Information given
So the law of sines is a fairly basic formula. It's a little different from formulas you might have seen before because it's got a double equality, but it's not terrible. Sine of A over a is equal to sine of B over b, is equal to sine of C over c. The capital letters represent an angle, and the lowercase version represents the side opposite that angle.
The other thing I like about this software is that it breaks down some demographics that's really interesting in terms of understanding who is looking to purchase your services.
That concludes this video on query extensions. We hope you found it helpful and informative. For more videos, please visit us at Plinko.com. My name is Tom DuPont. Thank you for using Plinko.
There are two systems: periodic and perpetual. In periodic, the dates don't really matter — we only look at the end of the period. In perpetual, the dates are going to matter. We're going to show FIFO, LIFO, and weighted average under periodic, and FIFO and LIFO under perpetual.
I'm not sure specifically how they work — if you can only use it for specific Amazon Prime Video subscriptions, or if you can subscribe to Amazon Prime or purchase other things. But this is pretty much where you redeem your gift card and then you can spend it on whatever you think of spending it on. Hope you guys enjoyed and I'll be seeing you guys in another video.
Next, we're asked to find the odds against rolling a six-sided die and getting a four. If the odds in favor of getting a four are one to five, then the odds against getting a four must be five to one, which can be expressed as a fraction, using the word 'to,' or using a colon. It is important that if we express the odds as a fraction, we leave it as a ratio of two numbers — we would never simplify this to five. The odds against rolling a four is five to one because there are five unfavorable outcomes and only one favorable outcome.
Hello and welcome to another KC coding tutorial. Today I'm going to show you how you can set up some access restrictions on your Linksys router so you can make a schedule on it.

==

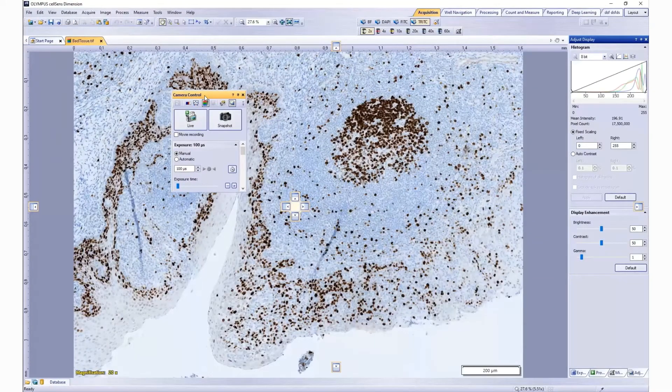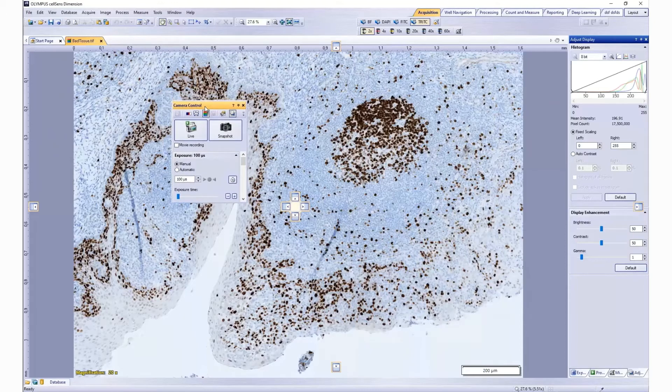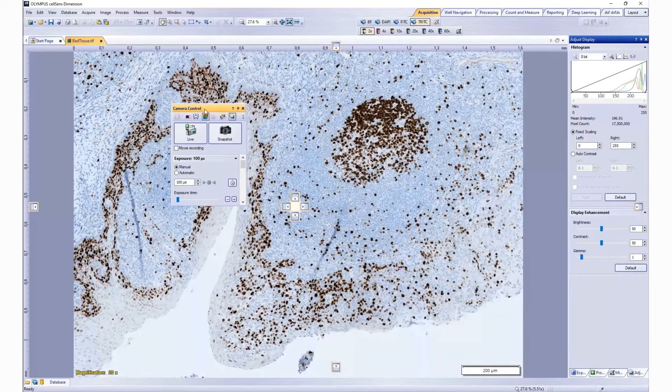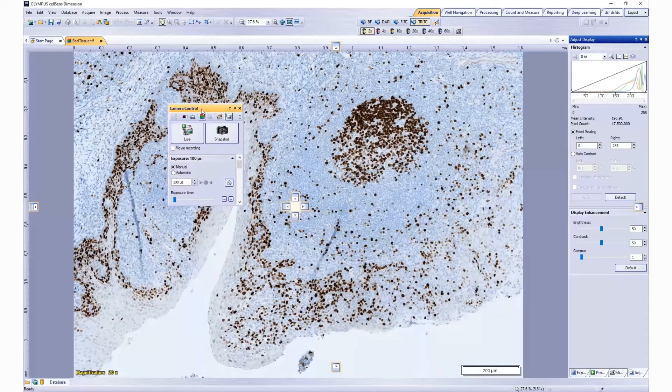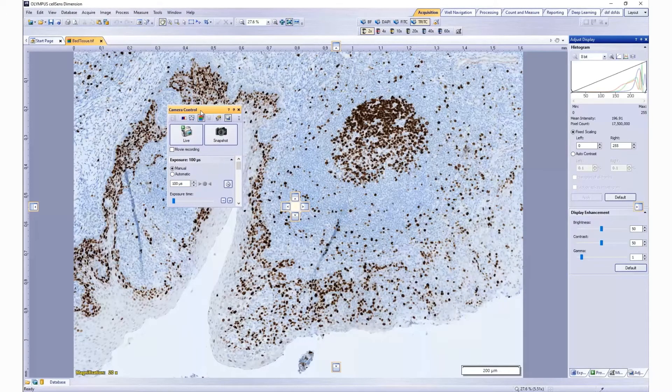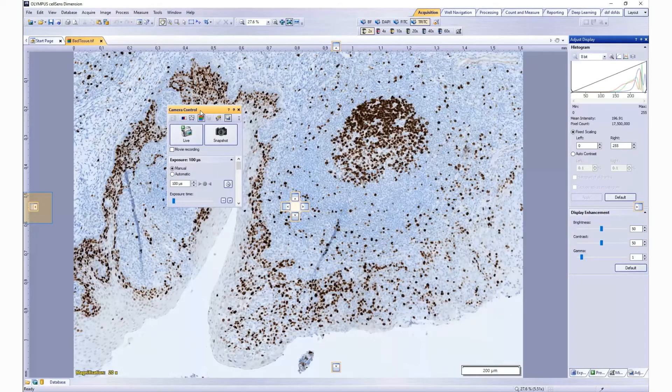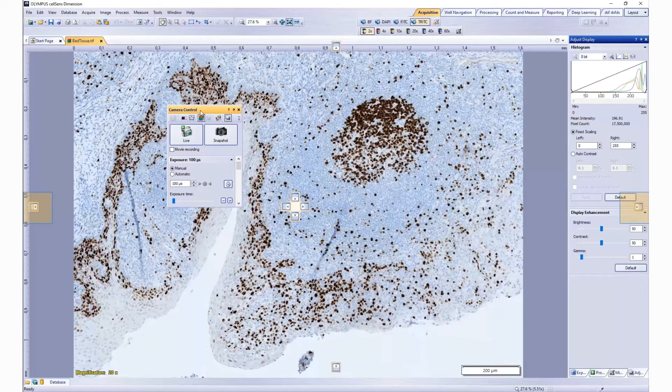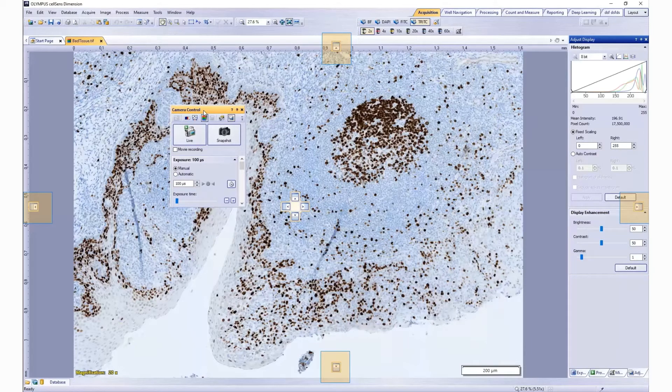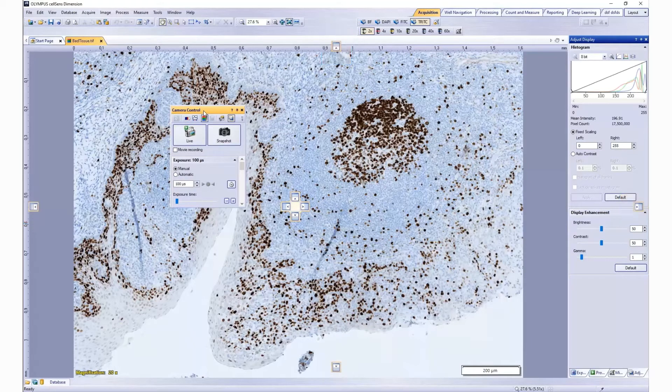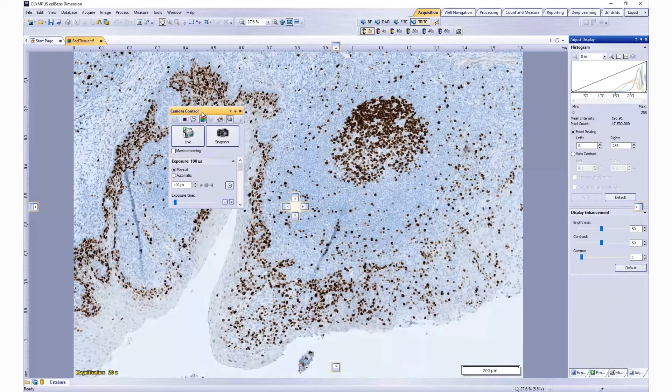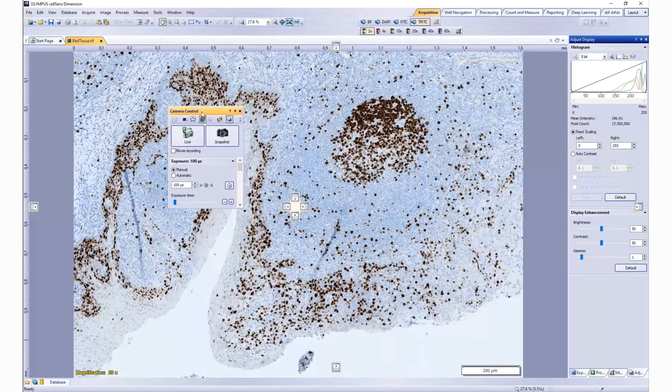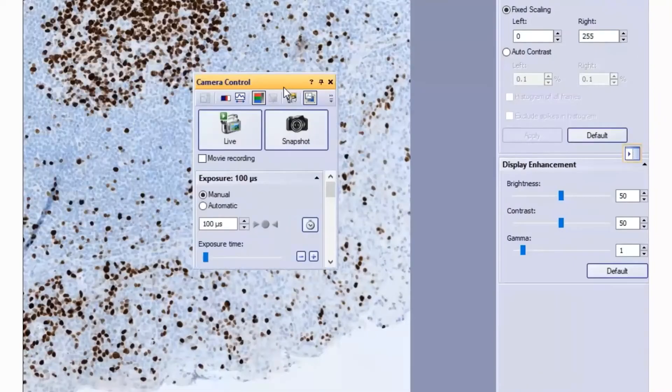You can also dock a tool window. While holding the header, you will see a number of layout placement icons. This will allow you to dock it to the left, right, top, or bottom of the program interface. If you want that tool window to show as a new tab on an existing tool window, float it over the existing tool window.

What is required
Of the entries above, repeat exactly the lines between the line with "So the law of" and the line with "Hello and welcome", inclusive, and no others.

Exercise solution
So the law of sines is a fairly basic formula. It's a little different from formulas you might have seen before because it's got a double equality, but it's not terrible. Sine of A over a is equal to sine of B over b, is equal to sine of C over c. The capital letters represent an angle, and the lowercase version represents the side opposite that angle.
The other thing I like about this software is that it breaks down some demographics that's really interesting in terms of understanding who is looking to purchase your services.
That concludes this video on query extensions. We hope you found it helpful and informative. For more videos, please visit us at Plinko.com. My name is Tom DuPont. Thank you for using Plinko.
There are two systems: periodic and perpetual. In periodic, the dates don't really matter — we only look at the end of the period. In perpetual, the dates are going to matter. We're going to show FIFO, LIFO, and weighted average under periodic, and FIFO and LIFO under perpetual.
I'm not sure specifically how they work — if you can only use it for specific Amazon Prime Video subscriptions, or if you can subscribe to Amazon Prime or purchase other things. But this is pretty much where you redeem your gift card and then you can spend it on whatever you think of spending it on. Hope you guys enjoyed and I'll be seeing you guys in another video.
Next, we're asked to find the odds against rolling a six-sided die and getting a four. If the odds in favor of getting a four are one to five, then the odds against getting a four must be five to one, which can be expressed as a fraction, using the word 'to,' or using a colon. It is important that if we express the odds as a fraction, we leave it as a ratio of two numbers — we would never simplify this to five. The odds against rolling a four is five to one because there are five unfavorable outcomes and only one favorable outcome.
Hello and welcome to another KC coding tutorial. Today I'm going to show you how you can set up some access restrictions on your Linksys router so you can make a schedule on it.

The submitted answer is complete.